Researchers at the University of North Carolina at Chapel Hill Gillings School of Global Public Health and their colleagues at the University of Texas at Austin and the National Institutes of Health Vaccine Research Center have discovered an antibody that broadly inhibits multiple strains of pandemic norovirus, a major step forward in the development of an effective vaccine for the dreaded stomach virus.
The study published in the June 18 issue of Immunity, describes for the first time the structure of the binding interaction between the virus and a human antibody that may work against many strains of the pandemic “stomach bug.”
Research specialist Lisa Lindesmith and professor Ralph Baric, both of the Gillings School’s department of epidemiology, are co-authors on the study.
Human noroviruses are the leading cause of acute gastroenteritis, inflammation of the stomach and intestines. It accounts for nearly one in five cases of diarrhea and vomiting, and is responsible for an estimated 200,000 deaths per year, mostly in infants, children and the elderly, according to the Centers for Disease Control and Prevention. Though there are more than 30 known genotypes of human norovirus, nearly 60% of outbreaks are caused by GII.4 genotype strains that have caused periodic human pandemics since 1996 through today, the authors wrote.

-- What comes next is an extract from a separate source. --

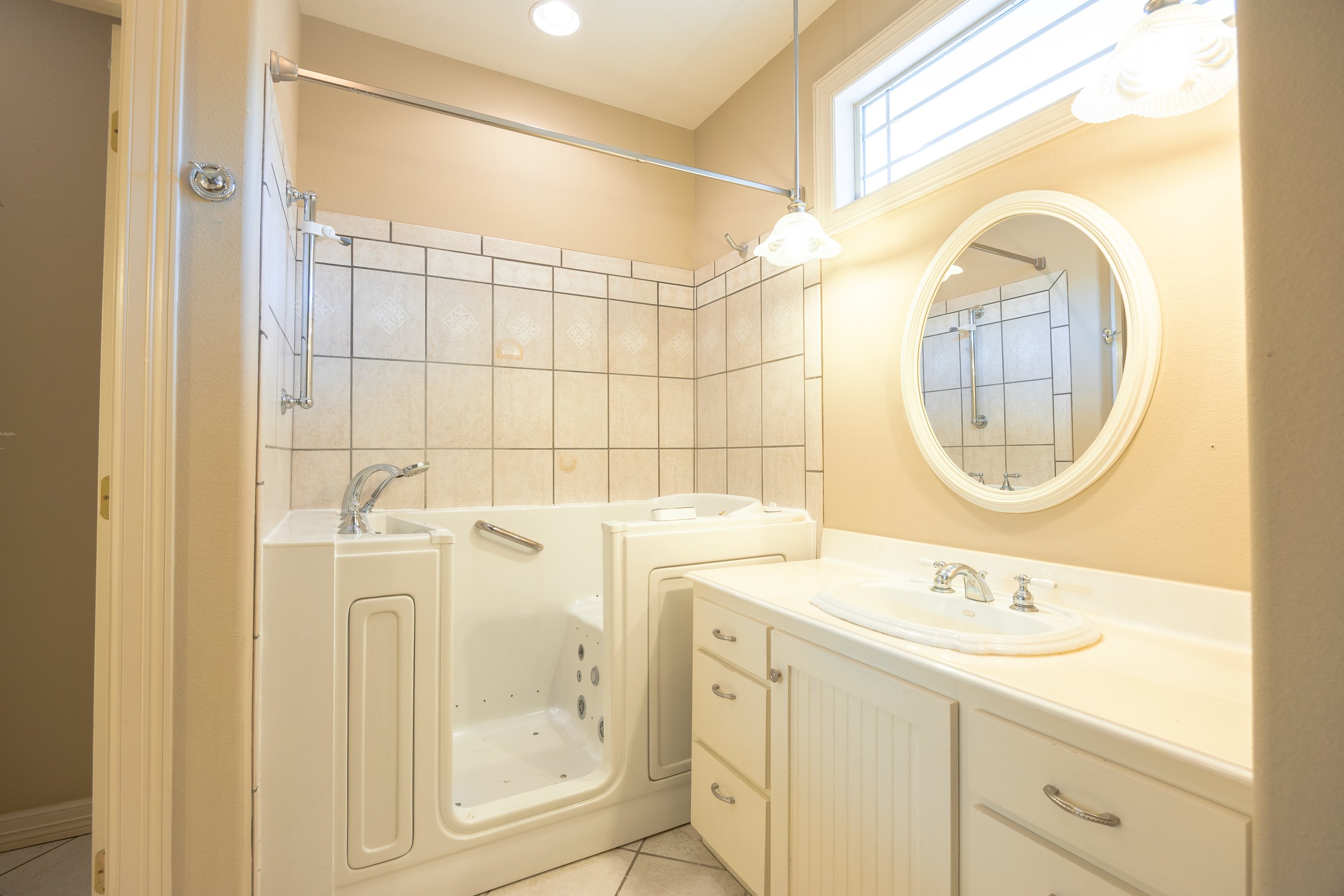 Four spacious bedrooms and three full baths, with three of the bedrooms thoughtfully placed on the primary level.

“In order to design an effective vaccine for norovirus, scientists needed to identify a neutralizing antibody that could work against many strains of the virus, as well as strains that will circulate in the future,” Baric said. “This information can now be used to build better human vaccines.”
The most important discovery of this study is a human antibody that can bind to a highly conserved region of the virus common among different strains of norovirus, potentially neutralizing all GII.4 strains of norovirus that exist in nature.

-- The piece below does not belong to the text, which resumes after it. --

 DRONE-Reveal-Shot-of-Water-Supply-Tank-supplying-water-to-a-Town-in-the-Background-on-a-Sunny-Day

Highly conserved regions are parts of the virus that do not change. A human antibody that can target these highly conserved areas will provide broad protection for a prolonged period. With this knowledge, vaccine developers will have a better understanding of how, and how often, to reformulate the vaccine over time.

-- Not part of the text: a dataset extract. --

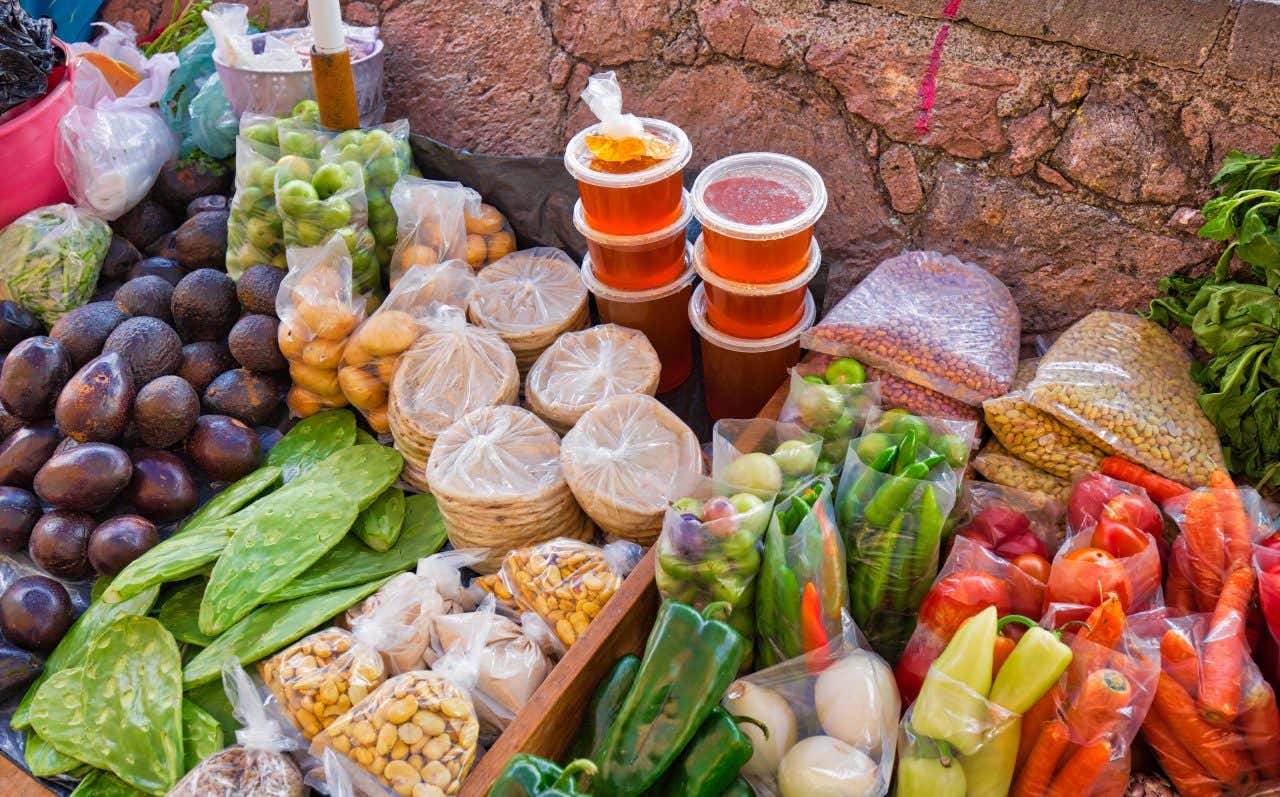 A close-up of a vibrant market stall displaying a variety of fresh produce and packaged goods. Items include avocados, nopal paddles, carrots, peppers, and stacks of tortillas.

The technology, developed by co-author George Georgiou, was used to discover the key antibody in the study and the approach is applicable to a variety of highly variable bacteria and viruses.
“This study addresses a fundamental problem in norovirus disease development that could have wide-ranging impact on global health,” says Lindesmith. “We’ve established an understanding of the virus and how it changes, how the body’s immune response targets it and how we can use that information to make a better vaccine.”
The paper’s authors partnered with Takeda Vaccines, a leading vaccine manufacturer, which is in phase 2b of clinical trials with a human norovirus vaccine. Other key authors who collaborated on this research are George Georgiou, Jonathon McDaniel, and Scott Kerr, from the University of Texas at Austin’s Department of Chemical Engineering, Department of Molecular Biosciences and Institute for Cell and Molecular Biology; Jan Vinje, and Veronica Costantini, from the Centers for Disease Control and Prevention; and Peter Kwong, Anita Changela, and Raffaello Verardi, from the Vaccine Research Center at the National Institutes of Health’s National Institute of Allergy and Infectious Diseases.